For older children, access to the roof may be much easier because of their size and upper body strength. Once physical ability is no longer a barrier, a risk benefit assessment must be completed to determine if the risks of climbing up to the roof outweigh the hazards.
Risky play with heights
The benefits of playing with heights include an anti-phobic effect, which means children become less fearful of heights, as they learn to safely navigate the play space.
The problem solving embedded with play with heights provides a sense of competency and accomplishment that may transfer to other learning situations that require some perseverance. In young children, simply walking along the edge of a raised curb might be a thrilling play with height. In older children, climbing trees or parkour style leaps from structures in the built environment are more common.
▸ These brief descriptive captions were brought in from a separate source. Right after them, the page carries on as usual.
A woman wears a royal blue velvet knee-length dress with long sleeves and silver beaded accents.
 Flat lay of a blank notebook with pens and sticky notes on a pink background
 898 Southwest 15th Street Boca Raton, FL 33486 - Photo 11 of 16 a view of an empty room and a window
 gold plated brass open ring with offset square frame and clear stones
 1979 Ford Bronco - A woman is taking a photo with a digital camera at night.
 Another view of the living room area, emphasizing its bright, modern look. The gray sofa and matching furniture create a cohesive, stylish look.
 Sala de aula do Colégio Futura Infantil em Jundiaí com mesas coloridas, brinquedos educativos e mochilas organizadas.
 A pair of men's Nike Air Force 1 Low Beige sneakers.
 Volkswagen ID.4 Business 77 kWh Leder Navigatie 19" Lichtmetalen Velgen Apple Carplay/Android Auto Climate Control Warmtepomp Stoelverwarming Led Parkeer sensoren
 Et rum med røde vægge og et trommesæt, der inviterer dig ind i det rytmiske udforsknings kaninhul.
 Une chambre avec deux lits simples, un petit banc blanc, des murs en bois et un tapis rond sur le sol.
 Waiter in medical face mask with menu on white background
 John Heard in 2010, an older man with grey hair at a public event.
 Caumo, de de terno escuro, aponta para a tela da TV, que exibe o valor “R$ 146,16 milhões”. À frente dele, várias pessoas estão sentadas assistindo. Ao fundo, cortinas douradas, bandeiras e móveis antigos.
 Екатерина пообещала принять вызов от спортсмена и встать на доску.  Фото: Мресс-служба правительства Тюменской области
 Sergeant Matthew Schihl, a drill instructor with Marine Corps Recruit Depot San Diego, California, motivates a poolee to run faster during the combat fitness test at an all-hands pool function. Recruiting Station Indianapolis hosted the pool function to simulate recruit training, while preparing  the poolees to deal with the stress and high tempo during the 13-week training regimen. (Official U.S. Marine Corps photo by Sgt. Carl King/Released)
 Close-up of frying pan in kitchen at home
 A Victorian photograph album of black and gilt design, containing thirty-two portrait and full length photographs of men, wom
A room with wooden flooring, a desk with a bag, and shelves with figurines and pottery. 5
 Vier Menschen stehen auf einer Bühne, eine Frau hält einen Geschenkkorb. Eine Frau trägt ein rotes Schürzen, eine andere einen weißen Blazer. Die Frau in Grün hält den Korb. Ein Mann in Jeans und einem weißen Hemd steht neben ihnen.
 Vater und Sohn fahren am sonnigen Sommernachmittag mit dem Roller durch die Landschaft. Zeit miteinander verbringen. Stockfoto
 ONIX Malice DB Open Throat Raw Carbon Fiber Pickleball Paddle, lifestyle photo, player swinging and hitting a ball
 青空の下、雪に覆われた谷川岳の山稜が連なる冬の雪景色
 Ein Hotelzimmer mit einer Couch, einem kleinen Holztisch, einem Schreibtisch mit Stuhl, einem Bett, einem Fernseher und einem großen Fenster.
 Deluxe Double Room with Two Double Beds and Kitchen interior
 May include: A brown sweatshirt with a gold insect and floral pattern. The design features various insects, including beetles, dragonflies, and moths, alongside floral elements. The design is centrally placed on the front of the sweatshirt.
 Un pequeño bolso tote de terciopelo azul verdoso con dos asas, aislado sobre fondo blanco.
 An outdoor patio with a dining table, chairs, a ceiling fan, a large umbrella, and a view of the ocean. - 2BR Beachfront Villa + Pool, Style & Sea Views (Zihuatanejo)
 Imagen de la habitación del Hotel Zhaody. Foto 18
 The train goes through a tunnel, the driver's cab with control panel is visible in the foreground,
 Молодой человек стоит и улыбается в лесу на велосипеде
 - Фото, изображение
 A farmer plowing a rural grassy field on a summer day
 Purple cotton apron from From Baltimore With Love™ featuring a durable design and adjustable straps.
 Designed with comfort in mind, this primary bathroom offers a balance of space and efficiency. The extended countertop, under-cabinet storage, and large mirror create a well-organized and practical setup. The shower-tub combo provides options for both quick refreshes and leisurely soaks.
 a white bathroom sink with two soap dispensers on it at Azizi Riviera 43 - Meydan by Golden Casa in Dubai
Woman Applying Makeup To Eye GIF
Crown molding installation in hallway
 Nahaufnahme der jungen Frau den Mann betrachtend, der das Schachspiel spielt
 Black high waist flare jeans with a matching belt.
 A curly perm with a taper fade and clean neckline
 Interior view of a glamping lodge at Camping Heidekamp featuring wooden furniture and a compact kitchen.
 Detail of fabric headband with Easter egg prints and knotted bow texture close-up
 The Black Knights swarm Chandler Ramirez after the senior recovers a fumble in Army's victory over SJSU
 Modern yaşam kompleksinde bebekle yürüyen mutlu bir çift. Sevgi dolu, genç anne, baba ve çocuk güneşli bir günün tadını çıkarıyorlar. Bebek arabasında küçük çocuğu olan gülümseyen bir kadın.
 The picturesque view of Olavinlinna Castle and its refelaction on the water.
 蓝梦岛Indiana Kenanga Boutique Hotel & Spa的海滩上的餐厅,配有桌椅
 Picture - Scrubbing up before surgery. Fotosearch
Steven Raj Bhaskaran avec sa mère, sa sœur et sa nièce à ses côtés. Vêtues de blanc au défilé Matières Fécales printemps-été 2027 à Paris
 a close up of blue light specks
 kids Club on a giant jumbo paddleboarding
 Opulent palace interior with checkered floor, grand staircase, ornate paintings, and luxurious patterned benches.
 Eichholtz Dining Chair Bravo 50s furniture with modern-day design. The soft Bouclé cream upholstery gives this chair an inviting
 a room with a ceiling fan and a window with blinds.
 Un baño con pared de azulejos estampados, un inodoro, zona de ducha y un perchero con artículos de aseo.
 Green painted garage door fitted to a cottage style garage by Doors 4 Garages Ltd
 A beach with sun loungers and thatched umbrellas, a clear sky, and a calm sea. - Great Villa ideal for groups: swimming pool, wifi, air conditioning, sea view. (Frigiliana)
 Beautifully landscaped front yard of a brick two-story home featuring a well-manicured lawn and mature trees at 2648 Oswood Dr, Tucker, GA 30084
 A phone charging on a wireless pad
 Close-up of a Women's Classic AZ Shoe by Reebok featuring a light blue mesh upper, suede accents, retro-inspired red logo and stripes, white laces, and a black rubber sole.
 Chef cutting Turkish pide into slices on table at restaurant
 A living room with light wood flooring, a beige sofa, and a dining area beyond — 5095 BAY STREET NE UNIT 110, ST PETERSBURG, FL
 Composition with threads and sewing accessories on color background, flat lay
Play with heights is frequently found in school-yards on installed play equipment, but discouraged when children seek it out in nature. For example, a child who climbs to the top of the space net on school grounds (image above) is technically higher from the ground than a child who climbs a tree on the same school grounds (image below).
The perception of risk associated with falling from trees appears to be disproportionate to the actual data, which tells us that the built environment is significantly more hazardous when it comes to potential injuries from falling than the same type of thrill-seeking play with heights in nature. This is mostly because the built environment, like school playgrounds, are set and unchanging.
Children who have repetitively played on the same equipment year over year begin to thrill seek by using the play structures in ways they were not intended to be played on, which can lead to unanticipated injuries. Trees, on the other hand, are constantly growing and changing with the seasons, which offers thrilling opportunities for unstructured play that tends to result in kids playing more attentively.
Common supervisory issues for play with heights
The most common misconception I see regarding risky play with height is supervising adults lifting up or helping children access play areas that they are not yet physically able to reach on their own. This is important because the problem solving that comes from having to create a solution to an access problem is one of the benefits of risky play that is eliminated when adults intervene. The sense of satisfaction, autonomy, and agency that is derived from being able to play independently is an important benefit of risky play and requires the adults to step back and let the play unfold naturally.
Lifting a child up, to access the monkey bars, for example, is inserting a child into a risky play situation that they do yet have the physical capabilities to navigate safely, and can result in injuries. The alternative, is to prompt the child to consider if there is another way they could reach the monkey bars. Small children will then observe other children access the play area and make their own plan for how to reach the monkey bars. This trial and error process plays an important role in building resiliency in children because it requires them to take risks that do not always provide immediate gratification or results.
It may take a child weeks to work out a solution to the access problem they have encountered. I have watched very small children creatively and ingeniously shimmy up support poles and use their core strength to then reach with finger tips to grasp the bars. This tells me, as a supervising adult, that these children are physically literate enough to be playing in this area and no intervention is required on my part.
Another issue in school yard supervision of unstructured play is the absolute power adults hold over how children use their own bodies.
Signs like the one shown below communicate to children that they are not competent and encourage kids to try and break rules just to show they can, rather than make their own decisions about their own personally determined comfort with risk.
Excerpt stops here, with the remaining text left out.